Efficiently Handling Deletions in Nested Cosmos DB Data Structures with Azure Cognitive Search

96 Views Asked by At

How can I configure Azure Cognitive Search to detect and process deletions based on nested properties within a Cosmosdb document?

Description of the problem:

I'm currently integrating Azure Cognitive Search with a Cosmos DB collection that contains complex, nested documents like this:

{
   "name":"test name",
   "info":{
   "address":"test address",
   "isIndexing":"false"}
}

I want to synchronize the search index so that deletions based on the document's "isIndexing" property are reflected.  What I want to do is use the Data Deletion Detection Policy of Azure Cognitive Search, and for this reason, I created it like this:

"dataDeletionDetectionPolicy" : {
    "@odata.type": "#Microsoft.Azure.Search.SoftDeleteColumnDeletionDetectionPolicy",
    "softDeleteColumnName": "info.isIndexing",
    "softDeleteMarkerValue": "true"
}

so that the document should be deleted from the index if "isIndexing" property is true but this works properly if the "isIndexing" property is in the top level of the object, like here

{
   "name":"test name",
   "isIndexing":"false"
   "info":{
      "address":"test address"
   }
}

and the policy will be like that

"dataDeletionDetectionPolicy": {
    "@odata.type": "#Microsoft.Azure.Search.SoftDeleteColumnDeletionDetectionPolicy",
    "softDeleteColumnName": "isIndexing",
    "softDeleteMarkerValue": "true"
}

But I don't want to change the structure of the document in Cosmosdb, and I don't know if the deletion detection policy does not support dot notation for nested properties. This might be the reason the policy isn't working as expected, or Azure Cognitive Search's soft delete feature does not inherently support nested properties directly.

1

There are 1 best solutions below

0
Suresh Chikkam On

But I don't want to change the structure of the document in Cosmosdb, and I don't know if the deletion detection policy does not support dot notation for nested properties. This might be the reason the policy isn't working as expected

The soft delete functionality is designed to work with a single column for marking deletions.

How can I configure Azure Cognitive Search to detect and process deletions based on nested properties within a Cosmosdb document?

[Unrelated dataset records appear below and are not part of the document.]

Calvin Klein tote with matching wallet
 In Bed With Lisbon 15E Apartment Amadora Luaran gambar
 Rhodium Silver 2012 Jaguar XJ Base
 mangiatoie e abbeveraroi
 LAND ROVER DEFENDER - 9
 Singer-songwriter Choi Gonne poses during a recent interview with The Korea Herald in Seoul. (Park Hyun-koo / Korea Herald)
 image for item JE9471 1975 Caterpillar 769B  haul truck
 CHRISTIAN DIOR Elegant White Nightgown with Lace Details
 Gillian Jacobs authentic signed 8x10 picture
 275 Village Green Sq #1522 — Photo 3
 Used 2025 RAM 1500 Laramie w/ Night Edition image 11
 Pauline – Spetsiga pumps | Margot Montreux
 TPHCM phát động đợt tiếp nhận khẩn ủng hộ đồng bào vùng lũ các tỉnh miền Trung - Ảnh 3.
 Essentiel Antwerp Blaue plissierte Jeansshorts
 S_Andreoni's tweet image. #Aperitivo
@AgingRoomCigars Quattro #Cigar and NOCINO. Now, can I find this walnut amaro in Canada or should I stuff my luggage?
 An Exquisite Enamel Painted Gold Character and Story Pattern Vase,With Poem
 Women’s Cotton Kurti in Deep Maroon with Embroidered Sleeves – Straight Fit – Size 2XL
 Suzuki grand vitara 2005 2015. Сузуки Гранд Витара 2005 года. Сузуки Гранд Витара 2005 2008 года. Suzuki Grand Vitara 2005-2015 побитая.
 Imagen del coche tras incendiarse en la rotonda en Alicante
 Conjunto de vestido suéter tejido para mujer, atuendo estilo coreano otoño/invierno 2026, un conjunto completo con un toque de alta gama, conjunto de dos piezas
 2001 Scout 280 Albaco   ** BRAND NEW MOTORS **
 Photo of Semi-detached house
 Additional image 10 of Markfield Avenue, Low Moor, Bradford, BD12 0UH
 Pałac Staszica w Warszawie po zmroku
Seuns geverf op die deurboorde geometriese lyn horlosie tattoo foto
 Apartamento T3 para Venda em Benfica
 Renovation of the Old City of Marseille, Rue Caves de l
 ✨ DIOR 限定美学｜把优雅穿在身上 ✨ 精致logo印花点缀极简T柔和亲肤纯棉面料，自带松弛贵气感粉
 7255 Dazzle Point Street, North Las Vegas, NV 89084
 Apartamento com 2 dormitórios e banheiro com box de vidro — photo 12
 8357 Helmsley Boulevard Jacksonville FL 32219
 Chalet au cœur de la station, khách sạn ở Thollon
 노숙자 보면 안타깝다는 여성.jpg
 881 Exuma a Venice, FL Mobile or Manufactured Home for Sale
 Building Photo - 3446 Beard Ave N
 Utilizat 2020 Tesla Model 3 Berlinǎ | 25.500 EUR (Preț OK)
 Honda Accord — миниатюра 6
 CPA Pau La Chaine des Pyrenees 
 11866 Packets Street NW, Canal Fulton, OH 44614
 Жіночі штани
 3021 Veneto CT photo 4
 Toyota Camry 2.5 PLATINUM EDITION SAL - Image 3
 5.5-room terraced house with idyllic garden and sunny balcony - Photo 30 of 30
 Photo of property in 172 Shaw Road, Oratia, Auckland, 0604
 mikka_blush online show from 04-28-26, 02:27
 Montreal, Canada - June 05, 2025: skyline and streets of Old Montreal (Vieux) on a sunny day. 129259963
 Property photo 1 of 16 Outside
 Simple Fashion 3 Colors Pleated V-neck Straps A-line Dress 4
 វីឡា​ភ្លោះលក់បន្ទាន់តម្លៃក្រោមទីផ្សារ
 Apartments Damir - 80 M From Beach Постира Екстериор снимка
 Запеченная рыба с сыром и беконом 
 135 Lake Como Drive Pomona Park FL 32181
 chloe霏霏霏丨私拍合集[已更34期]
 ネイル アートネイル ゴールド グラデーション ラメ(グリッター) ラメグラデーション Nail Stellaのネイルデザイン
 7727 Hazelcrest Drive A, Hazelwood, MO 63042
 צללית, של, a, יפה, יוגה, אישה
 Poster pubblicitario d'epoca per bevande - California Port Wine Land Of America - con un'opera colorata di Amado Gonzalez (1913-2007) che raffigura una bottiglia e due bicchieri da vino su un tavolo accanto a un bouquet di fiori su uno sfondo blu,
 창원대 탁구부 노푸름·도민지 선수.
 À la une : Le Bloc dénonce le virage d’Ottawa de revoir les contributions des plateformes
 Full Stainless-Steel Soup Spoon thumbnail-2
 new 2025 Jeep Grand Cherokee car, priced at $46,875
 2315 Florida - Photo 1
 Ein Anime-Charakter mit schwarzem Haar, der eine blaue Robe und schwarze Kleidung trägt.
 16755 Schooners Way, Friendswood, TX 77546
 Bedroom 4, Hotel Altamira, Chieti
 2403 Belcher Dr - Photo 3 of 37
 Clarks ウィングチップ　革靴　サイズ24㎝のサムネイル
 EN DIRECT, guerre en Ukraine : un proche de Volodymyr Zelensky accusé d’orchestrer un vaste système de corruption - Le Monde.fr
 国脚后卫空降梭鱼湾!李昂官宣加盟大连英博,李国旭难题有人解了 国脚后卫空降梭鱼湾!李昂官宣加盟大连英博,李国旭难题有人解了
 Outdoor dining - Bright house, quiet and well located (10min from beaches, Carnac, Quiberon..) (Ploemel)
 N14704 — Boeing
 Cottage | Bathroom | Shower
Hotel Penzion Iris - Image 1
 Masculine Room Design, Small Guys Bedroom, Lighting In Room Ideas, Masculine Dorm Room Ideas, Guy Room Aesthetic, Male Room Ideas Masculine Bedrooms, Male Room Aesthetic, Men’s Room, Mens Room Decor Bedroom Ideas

Instead of relying on the soft delete feature, implement custom logic in your Azure Function to detect deletions based on the nested isIndexing property within the Cosmos DB documents.

  • Use the Azure Cosmos DB SDK to query documents and identify those that need to be deleted from the search index based on the isIndexing property.
using Microsoft.Azure.Documents;
using Microsoft.Azure.WebJobs;
using Microsoft.Extensions.Logging;
using Microsoft.Azure.Search;
using Microsoft.Azure.Search.Models;

public static class CosmosDBTriggerFunction
{
    [FunctionName("CosmosDBTriggerFunction")]
    public static async Task Run(
        [CosmosDBTrigger(
            databaseName: "YourDatabaseName",
            collectionName: "YourCollectionName",
            ConnectionStringSetting = "CosmosDBConnectionString",
            CreateLeaseCollectionIfNotExists = true)] IReadOnlyList<Document> documents,
        ILogger log)
    {
        if (documents != null && documents.Count > 0)
        {
            var searchServiceName = "YourSearchServiceName";
            var indexName = "YourIndexName";
            var searchApiKey = "YourSearchServiceApiKey";

            SearchIndexClient searchClient = new SearchIndexClient(searchServiceName, indexName, new SearchCredentials(searchApiKey));
            ISearchIndexClient indexClient = searchClient.Indexes.GetClient(indexName);

            foreach (var doc in documents)
            {
                // Check the value of the isIndexing property
                bool isIndexing = doc.GetPropertyValue<bool>("info.isIndexing");

                if (isIndexing)
                {
                    var documentId = doc.GetPropertyValue<string>("id");

                    try
                    {
                        await indexClient.Documents.DeleteAsync(documentId);
                        log.LogInformation($"Document with ID {documentId} marked as deleted in Azure Cognitive Search.");
                    }
                    catch (Exception ex)
                    {
                        log.LogError($"Error deleting document with ID {documentId} from Azure Cognitive Search: {ex.Message}");
                    }
                }
            }
        }
    }
}
  • When a document is identified for deletion, use the Azure Cognitive Search SDK or REST API to update the search index accordingly. Then delete the corresponding document from the search index based on its unique identifier.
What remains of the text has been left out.